[Data records]
━━━━━━━━━━

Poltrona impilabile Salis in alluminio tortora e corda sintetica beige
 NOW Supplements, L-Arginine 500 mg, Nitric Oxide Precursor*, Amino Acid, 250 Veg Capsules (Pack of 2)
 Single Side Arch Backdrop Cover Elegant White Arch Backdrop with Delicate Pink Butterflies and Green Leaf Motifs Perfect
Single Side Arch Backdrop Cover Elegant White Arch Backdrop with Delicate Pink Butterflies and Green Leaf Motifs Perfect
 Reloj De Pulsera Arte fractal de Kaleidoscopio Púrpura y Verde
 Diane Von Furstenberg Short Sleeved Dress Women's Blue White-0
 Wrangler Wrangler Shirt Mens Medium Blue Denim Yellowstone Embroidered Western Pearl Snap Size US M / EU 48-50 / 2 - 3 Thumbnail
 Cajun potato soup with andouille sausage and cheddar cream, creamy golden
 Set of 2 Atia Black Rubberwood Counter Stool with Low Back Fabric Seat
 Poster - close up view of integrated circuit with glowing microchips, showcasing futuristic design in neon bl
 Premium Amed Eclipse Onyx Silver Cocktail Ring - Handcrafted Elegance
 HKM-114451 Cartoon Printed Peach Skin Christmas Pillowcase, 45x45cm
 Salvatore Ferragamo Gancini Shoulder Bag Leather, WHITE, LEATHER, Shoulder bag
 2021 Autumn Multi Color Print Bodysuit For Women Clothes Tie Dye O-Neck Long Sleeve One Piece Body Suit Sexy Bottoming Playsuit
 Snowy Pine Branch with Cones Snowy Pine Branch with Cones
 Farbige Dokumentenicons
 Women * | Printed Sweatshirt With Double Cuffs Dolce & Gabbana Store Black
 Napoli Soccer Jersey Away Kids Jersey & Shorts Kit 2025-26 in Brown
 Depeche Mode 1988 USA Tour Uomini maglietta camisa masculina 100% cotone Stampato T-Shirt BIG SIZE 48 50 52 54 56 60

━━━━━━━━━━

Extract all of the data above without altering anything.

# The answer:
Poltrona impilabile Salis in alluminio tortora e corda sintetica beige
 NOW Supplements, L-Arginine 500 mg, Nitric Oxide Precursor*, Amino Acid, 250 Veg Capsules (Pack of 2)
 Single Side Arch Backdrop Cover Elegant White Arch Backdrop with Delicate Pink Butterflies and Green Leaf Motifs Perfect
Single Side Arch Backdrop Cover Elegant White Arch Backdrop with Delicate Pink Butterflies and Green Leaf Motifs Perfect
 Reloj De Pulsera Arte fractal de Kaleidoscopio Púrpura y Verde
 Diane Von Furstenberg Short Sleeved Dress Women's Blue White-0
 Wrangler Wrangler Shirt Mens Medium Blue Denim Yellowstone Embroidered Western Pearl Snap Size US M / EU 48-50 / 2 - 3 Thumbnail
 Cajun potato soup with andouille sausage and cheddar cream, creamy golden
 Set of 2 Atia Black Rubberwood Counter Stool with Low Back Fabric Seat
 Poster - close up view of integrated circuit with glowing microchips, showcasing futuristic design in neon bl
 Premium Amed Eclipse Onyx Silver Cocktail Ring - Handcrafted Elegance
 HKM-114451 Cartoon Printed Peach Skin Christmas Pillowcase, 45x45cm
 Salvatore Ferragamo Gancini Shoulder Bag Leather, WHITE, LEATHER, Shoulder bag
 2021 Autumn Multi Color Print Bodysuit For Women Clothes Tie Dye O-Neck Long Sleeve One Piece Body Suit Sexy Bottoming Playsuit
 Snowy Pine Branch with Cones Snowy Pine Branch with Cones
 Farbige Dokumentenicons
 Women * | Printed Sweatshirt With Double Cuffs Dolce & Gabbana Store Black
 Napoli Soccer Jersey Away Kids Jersey & Shorts Kit 2025-26 in Brown
 Depeche Mode 1988 USA Tour Uomini maglietta camisa masculina 100% cotone Stampato T-Shirt BIG SIZE 48 50 52 54 56 60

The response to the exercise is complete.